Lo llamativo de nuestras relaciones con Marruecos en los últimos tiempos no es que sean difíciles (cómo no van a serlo con un vecino gobernado de la manera que éste es gobernado), ni que sea imposible controlar sus provocaciones, siempre subrayadas cuando al rey y los suyos les interesa en función de la demagogia interna), ni que se desplieguen desde asuntos políticos a comerciales, todos ellos intensos. Lo sorprendente es que, precisamente con Marruecos y no con otros países o instituciones del mundo, tenga el Gobierno una actitud tan apaciguadora que impide incluso un elemental discurso de principios sobre lo que deben ser las relaciones internacionales. Como utilizamos las palabras sin cuidado se dice ahora que una carta del primer ministro marroquí que es una amenaza al líder de la Oposición por visitar Melilla es algo “normal”. Podría ser frecuente o previsible pero lo normal se ajusta a normas y allí, en Marruecos, prima la arbitrariedad autoritaria. Y como, aunque sea previsible y frecuente, no es normal, hay que reaccionar. No se trata, como dicen los que se sienten más a gusto haciendo una caricatura del adversario, de declarar la guerra o estar todo el día a bofetadas renunciando a la diplomacia, pero sí basar esta en serias exigencias y contrapartidas.
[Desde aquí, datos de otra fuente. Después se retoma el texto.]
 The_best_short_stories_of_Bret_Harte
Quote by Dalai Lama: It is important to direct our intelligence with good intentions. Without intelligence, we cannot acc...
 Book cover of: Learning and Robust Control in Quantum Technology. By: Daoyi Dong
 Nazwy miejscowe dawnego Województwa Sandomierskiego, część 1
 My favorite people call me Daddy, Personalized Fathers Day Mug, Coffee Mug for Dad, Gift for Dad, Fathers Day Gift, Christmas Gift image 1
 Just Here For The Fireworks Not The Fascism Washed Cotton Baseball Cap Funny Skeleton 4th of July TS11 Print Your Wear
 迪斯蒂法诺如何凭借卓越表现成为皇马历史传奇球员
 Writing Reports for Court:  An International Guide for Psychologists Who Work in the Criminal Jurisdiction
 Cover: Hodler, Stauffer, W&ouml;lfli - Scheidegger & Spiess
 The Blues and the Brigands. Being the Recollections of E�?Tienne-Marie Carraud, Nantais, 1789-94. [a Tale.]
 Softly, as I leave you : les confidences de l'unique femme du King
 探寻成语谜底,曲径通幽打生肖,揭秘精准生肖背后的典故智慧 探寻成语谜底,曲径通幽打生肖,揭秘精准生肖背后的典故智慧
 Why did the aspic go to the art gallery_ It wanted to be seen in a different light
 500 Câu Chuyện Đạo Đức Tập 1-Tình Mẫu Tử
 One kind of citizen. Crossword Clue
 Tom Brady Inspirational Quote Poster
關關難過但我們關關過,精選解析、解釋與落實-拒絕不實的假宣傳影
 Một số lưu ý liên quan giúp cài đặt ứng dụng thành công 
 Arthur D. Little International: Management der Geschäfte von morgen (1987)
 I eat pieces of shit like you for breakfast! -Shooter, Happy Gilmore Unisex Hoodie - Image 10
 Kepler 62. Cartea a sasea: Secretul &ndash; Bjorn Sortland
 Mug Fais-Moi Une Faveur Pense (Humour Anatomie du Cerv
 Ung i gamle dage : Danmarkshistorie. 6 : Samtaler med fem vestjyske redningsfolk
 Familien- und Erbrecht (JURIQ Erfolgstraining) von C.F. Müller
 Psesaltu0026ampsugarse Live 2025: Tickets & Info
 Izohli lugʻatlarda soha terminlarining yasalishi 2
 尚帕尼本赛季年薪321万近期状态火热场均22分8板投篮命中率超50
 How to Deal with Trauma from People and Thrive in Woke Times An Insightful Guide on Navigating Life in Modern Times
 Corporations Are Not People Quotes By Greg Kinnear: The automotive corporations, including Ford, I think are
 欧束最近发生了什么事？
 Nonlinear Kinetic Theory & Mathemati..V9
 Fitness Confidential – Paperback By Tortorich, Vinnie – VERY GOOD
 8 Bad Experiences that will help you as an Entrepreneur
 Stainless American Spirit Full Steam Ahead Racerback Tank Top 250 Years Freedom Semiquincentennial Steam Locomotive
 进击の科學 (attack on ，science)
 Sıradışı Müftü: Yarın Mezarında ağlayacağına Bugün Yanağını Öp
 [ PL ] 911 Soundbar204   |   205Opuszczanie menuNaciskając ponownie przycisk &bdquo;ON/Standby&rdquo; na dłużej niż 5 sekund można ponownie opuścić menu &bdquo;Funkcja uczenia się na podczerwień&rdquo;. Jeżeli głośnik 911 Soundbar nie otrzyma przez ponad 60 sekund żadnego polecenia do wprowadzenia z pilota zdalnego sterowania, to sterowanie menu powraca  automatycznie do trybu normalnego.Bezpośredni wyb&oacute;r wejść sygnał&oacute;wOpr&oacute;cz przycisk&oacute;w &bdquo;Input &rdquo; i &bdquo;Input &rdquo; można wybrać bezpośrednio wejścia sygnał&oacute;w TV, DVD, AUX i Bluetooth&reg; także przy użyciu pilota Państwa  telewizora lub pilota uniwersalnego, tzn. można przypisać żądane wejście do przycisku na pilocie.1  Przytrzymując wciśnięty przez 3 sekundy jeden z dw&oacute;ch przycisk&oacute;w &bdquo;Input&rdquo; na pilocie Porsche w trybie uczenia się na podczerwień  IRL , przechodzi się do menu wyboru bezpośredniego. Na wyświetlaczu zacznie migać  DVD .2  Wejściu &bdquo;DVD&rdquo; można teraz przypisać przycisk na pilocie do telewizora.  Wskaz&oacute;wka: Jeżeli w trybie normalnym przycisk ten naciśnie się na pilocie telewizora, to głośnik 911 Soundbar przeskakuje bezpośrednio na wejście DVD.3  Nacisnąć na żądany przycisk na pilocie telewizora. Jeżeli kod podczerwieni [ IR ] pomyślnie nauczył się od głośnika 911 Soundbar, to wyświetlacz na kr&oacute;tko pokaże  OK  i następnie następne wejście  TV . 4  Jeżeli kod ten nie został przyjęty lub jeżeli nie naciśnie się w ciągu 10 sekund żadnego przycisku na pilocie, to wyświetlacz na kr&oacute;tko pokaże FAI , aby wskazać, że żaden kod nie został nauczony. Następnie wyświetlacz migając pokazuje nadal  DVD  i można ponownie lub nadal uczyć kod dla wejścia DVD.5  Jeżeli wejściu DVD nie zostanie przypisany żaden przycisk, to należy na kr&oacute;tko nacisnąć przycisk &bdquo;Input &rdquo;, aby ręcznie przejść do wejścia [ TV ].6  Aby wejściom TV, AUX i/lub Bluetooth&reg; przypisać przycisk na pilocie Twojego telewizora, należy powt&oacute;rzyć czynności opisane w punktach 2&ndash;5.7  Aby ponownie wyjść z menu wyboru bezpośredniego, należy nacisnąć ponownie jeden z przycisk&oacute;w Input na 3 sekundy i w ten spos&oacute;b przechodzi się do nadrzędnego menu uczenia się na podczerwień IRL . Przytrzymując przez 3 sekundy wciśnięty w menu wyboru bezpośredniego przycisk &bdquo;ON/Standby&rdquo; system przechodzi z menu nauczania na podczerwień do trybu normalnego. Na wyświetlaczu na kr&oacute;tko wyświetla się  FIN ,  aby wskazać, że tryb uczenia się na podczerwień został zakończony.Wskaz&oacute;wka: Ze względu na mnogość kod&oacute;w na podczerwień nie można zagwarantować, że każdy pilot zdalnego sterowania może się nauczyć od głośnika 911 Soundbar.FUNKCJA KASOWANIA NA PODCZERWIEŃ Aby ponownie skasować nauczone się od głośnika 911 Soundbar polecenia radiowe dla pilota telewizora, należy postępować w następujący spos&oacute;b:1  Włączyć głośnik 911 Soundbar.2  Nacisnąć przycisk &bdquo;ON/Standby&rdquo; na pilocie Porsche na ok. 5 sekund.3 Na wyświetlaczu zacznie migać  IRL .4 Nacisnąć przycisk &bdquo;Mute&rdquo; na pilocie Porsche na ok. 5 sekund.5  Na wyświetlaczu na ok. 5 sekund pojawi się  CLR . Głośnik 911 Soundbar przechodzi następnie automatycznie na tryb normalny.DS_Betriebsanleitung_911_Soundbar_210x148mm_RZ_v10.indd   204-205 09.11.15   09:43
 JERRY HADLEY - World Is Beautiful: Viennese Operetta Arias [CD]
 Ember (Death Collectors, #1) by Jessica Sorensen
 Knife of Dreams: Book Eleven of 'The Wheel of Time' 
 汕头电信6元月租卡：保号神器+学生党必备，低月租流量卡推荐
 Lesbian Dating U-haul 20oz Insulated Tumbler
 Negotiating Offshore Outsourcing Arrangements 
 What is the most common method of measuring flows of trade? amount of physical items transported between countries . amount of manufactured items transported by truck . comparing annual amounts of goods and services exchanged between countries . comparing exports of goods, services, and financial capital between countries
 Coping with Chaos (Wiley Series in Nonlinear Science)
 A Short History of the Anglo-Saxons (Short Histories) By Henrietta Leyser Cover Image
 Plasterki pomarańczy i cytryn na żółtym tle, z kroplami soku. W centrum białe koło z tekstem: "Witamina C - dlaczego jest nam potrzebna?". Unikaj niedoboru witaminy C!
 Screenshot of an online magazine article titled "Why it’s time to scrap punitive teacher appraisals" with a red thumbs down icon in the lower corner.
El Gobierno, ante las provocaciones interesadas de Marruecos, no puede limitarse a dar por zanjada las cosas en cuanto se apagan un poco para incendiarse de nuevo. La diplomacia no está reñida con la firmeza y con las reacciones políticas y estas se echan de menos. Ojalá, para seguir en buena sintonía, el presidente Rodríguez Zapatero le deje las cosas claras a Mohamed y establezca cauces que no exijan un silencio arrodillado. Así quizá podamos olvidarnos de remedios impresentables como las “comisarías conjuntas” (¿comisarías conjuntas con una policía que no respeta los derechos ciudadanos?) y ese constante plegarse a las intenciones de Mohamed en contra de las directrices de la ONU (a la ONU van los dos el lunes) en el tema del Sahara, un asunto que no es uno más, sino el asunto territorial en el que tenemos responsabilidades concretas como antigua metrópoli. Así, además, y si se me permite la ironía, quizá los tiburones de Wall Street no le tomen la medida y le asusten con un bufido.